'We Kill Gay People,' This Closeted Baseball Player Was Told

Too many comments like that drove Tyler Dunnington out of the sport.

A former pro baseball player who is gay is speaking out against homophobia in the sport more than a year after hateful comments drove him to quit the minor leagues.

In a letter to SB Nation's Outsports published Wednesday, Tyler Dunnington wrote that he was "one of the unfortunate closeted gay athletes who experienced years of homophobia in the sport I loved." Dunnington played at three colleges and then with the St. Louis Cardinals minor league team in Florida for the 2014 season.

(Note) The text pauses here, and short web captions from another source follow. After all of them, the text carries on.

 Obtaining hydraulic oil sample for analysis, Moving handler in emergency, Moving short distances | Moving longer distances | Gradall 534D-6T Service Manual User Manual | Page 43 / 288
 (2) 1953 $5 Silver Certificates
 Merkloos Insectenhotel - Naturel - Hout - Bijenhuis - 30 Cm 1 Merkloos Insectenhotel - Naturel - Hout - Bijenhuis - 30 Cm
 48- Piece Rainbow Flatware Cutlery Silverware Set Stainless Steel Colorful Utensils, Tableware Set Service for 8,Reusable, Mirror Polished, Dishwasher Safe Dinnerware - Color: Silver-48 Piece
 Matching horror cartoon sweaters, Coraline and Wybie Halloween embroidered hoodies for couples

Some of the worst comments raised the idea of murdering gays and lesbians. A Colorado Mesa University coach bragged, "We kill gay people in Wyoming" -- a reference to the brutal death of gay college student Matthew Sheppard in 1998. 

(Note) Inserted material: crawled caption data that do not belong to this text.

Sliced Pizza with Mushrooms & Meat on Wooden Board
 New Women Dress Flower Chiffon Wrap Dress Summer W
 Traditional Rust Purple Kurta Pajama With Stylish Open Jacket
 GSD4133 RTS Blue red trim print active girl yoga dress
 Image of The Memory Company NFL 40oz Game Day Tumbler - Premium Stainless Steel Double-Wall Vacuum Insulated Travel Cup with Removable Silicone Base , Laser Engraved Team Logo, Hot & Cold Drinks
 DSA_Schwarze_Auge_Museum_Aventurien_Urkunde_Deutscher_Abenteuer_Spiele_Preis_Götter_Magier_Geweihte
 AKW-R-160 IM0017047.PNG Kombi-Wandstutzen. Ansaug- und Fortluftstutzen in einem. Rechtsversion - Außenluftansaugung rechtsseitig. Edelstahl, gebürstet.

During his time with the Cardinals, a locker room conversation about a teammate's gay brother was the final straw, Dunnington told Outsports. As some other players questioned how their teammate could accept his brother, the conversation spiraled into ways to kill gay people.

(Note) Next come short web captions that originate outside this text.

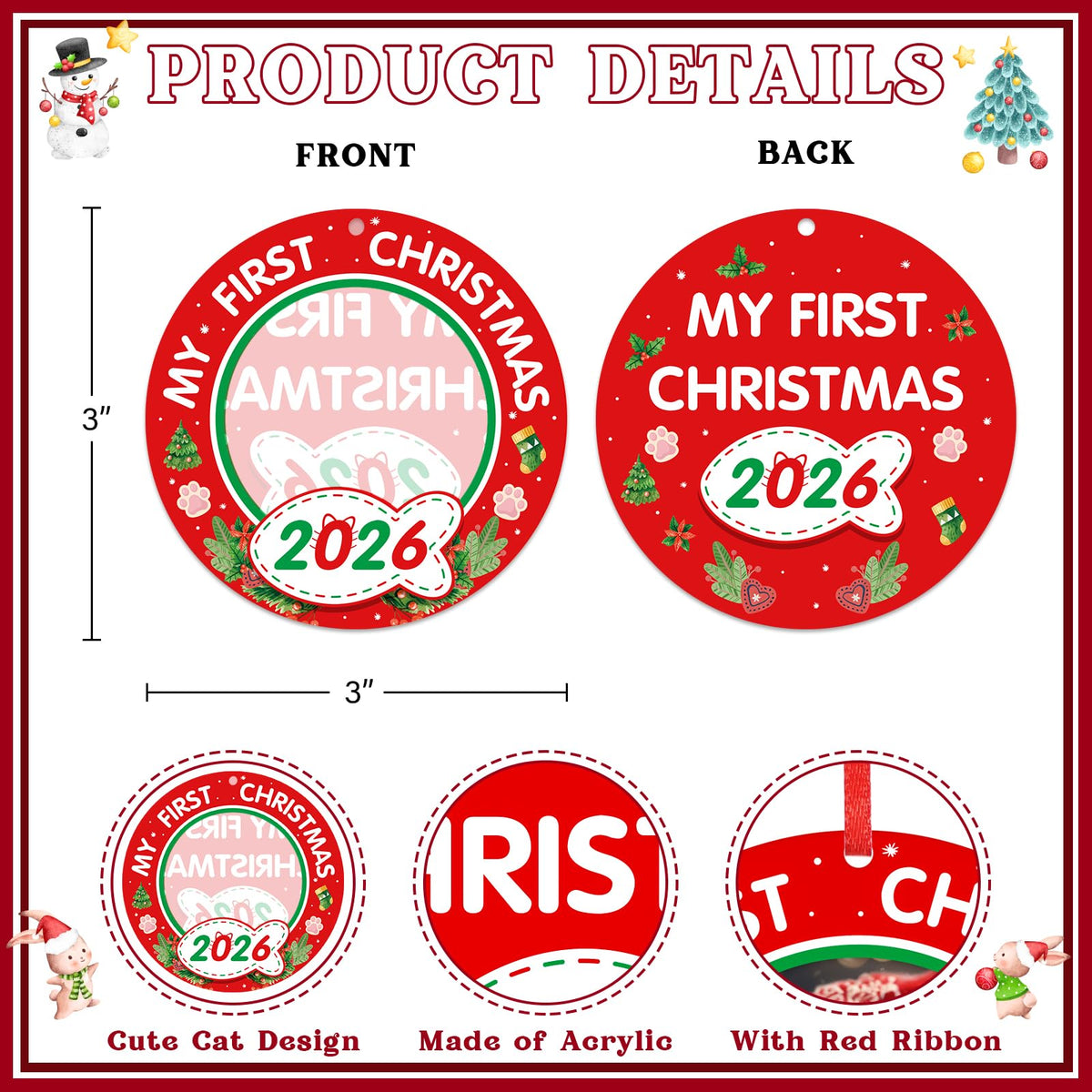 Personalized Picture Frame Cat's First Christmas Ornament 2026 M9199
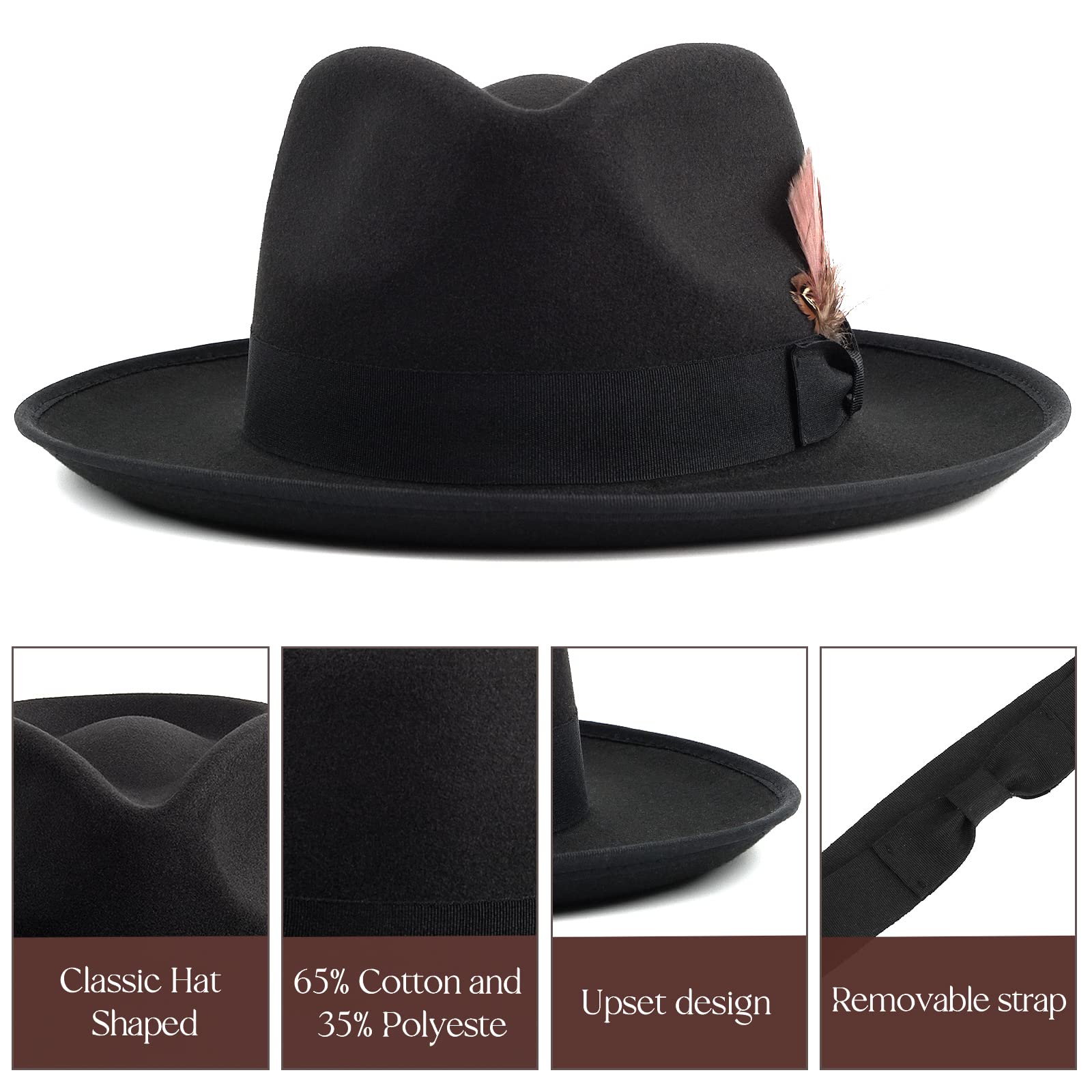 FADACHY Fedora Hats for Men & Women Wide Brim Felt Hat Dress Panama Trilby Hats Black Fedora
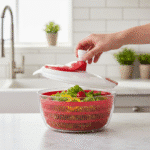 ⁦مصفاة تجفيف السلطة الكبيرة من داني هوم– مقاس 24.3 × 20.5 سم – جهاز تجفيف السلطة السريع بزر دوران يدوي مع سلة داخلية قابلة للإزالة ووعاء كبير شفاف للتقديم⁩ - الصورة ⁦2⁩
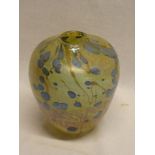 An unusual art glass vase by Siddy Langley with lustre decoration,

"Each comment felt like a knife to my heart," Dunnington wrote. "I was miserable in a sport that used to give me life, and ultimately I decided I needed to hang up my cleats for my own sanity."

He retired from professional baseball right before spring training last year. 

Cardinals general manager John Mozeliak released a statement Wednesday saying he would investigate the issues Dunnington raised, ESPN reports.

"This is very disappointing and our hope is that every player, staff member and employee feels that they are treated equally and fairly," Mozeliak said. "Given the nature of these allegations, I will certainly look into this further."

Colorado Mesa University's media relations director, Dana Nunn, said the university does not endorse the behavior Dunnington described. 

"Colorado Mesa University condemns any act of intimidation, verbal or physical abuse or discrimination," Nunn said. "The university's values and expectations are that all of the members of the CMU community feel safe and supported. We fully embrace a culture of respect and inclusiveness."

While he told Outsports that his playing days are behind him, Dunnington also said he regrets quitting and hopes to re-enter baseball in a front office job.

"After gaining acceptance from my friends and family I realized I didn't have to quit baseball to find happiness," he wrote. "I not only wanted to share my story but also apologize for not using the stage I had to help change the game. Quitting isn't the way to handle adversity, and I admire the other athletes acting as trailblazers."

Minor League Baseball released a statement with some positive words from President and CEO Pat O'Conner.

"Major League Baseball and Minor League Baseball believe in fostering an environment in which players can succeed without regard to their sexual orientation. This belief is embodied in Major League Baseball's Workplace Code of Conduct against Harassment and Discrimination," said O'Conner.

He added, "We applaud Tyler for the courage and strength he displayed in deciding to live his truth, and we are pleased to hear that he continues to pursue employment in this great game. Tyler has the full support of Minor League Baseball, and we look forward to him rejoining the professional baseball family."

This story has been updated with a comment from Colorado Mesa University.